The following week, the estate went up for sale. Olive continued to upset Clarrie with her constant refrain about her selfishness in rebuffing Wesley.
‘What’s done is done,’ Clarrie snapped. ‘It’s too late to change anything now.’
‘It might not be,’ Olive urged. ‘Why don’t you write to Mr Robson and say you’ve changed your mind? Or better still, go and see him. I’d come with you.’
‘No,’ Cl
arrie cried, ‘I couldn’t. He hasn’t even written about Father dying.’
‘Then you don’t love Belgooree as much as you say — as much as I do,’ Olive accused her. ‘If it was in my power, I’d do anything to stay here — even marry the likes of Wesley Robson.’
‘Stop it,’ Clarrie pleaded.
‘I won’t stop it,’ Olive said, ‘and I won’t leave here. I’ll never go to England or Newcastle and you can’t make me!’
Clarrie tried to talk to Kamal about what they should do, but he would not be drawn.
‘You must accept the will of Allah,’ he told her and went about his work, sadness clinging to him like morning mist.
When a second letter came from Jared and Lily, generously offering to take the girls into their home in Newcastle until they came of age, Clarrie felt a huge burden lift.

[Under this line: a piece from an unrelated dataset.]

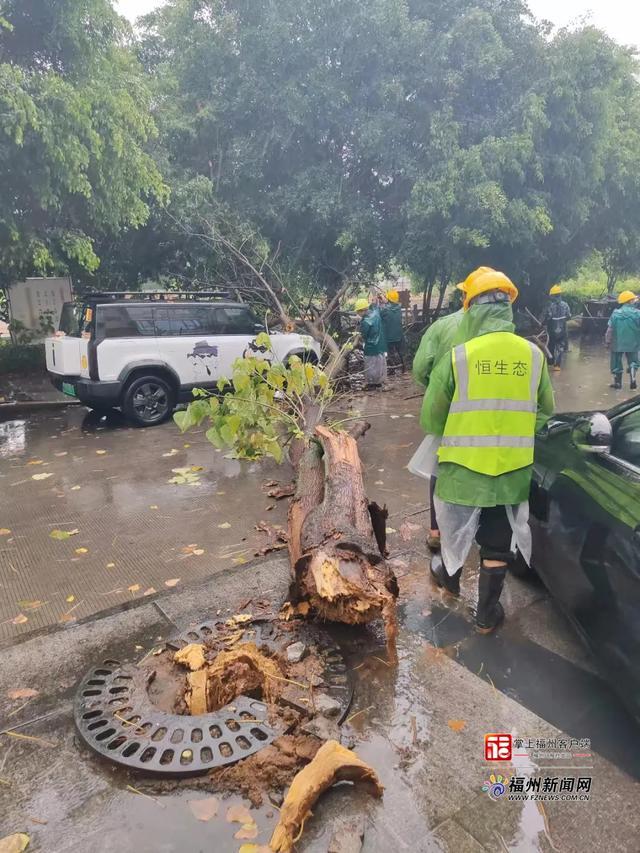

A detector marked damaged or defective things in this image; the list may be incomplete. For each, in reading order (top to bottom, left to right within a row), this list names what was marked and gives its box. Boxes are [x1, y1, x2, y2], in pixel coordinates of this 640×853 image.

splintered wood [288, 426, 398, 660]
splintered wood [268, 740, 382, 852]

But Olive made herself ill with crying. She had several violent coughing fits that left her weak and listless. She caught a chill that settled on her chest. Clarrie and Kamal nursed her with mounting concern. Olive said nothing, her eyes feverish and reproachful.
Clarrie began to contemplate the unthinkable: she would go and seek out Wesley Robson and beg for his help. She would speak the humiliating words of apology if that was what it would take to stimulate Olive’s recovery. Calling in Ama to look after Olive, she set out with Kamal for Upper Assam.
All day, they rode downhill through forest and jungle, resting at night in a tea house, then onward the next day till they reached Gowhatty on the swirling Brahmaputra river. There they left their ponies at the resthouse and boarded a steamer that took them upriver for two days to Tezpur, where they disembarked and hired a tonga to take them into the hills around Nowgong.
At first, Clarrie had been so mesmerised by the temperate misty riverside that she had thought of little but the travelling itself. But as they journeyed into new territory and neared the Oxford Estates, her nervousness increased tenfold. What on earth was she going to say when she came face to face with Wesley Robson?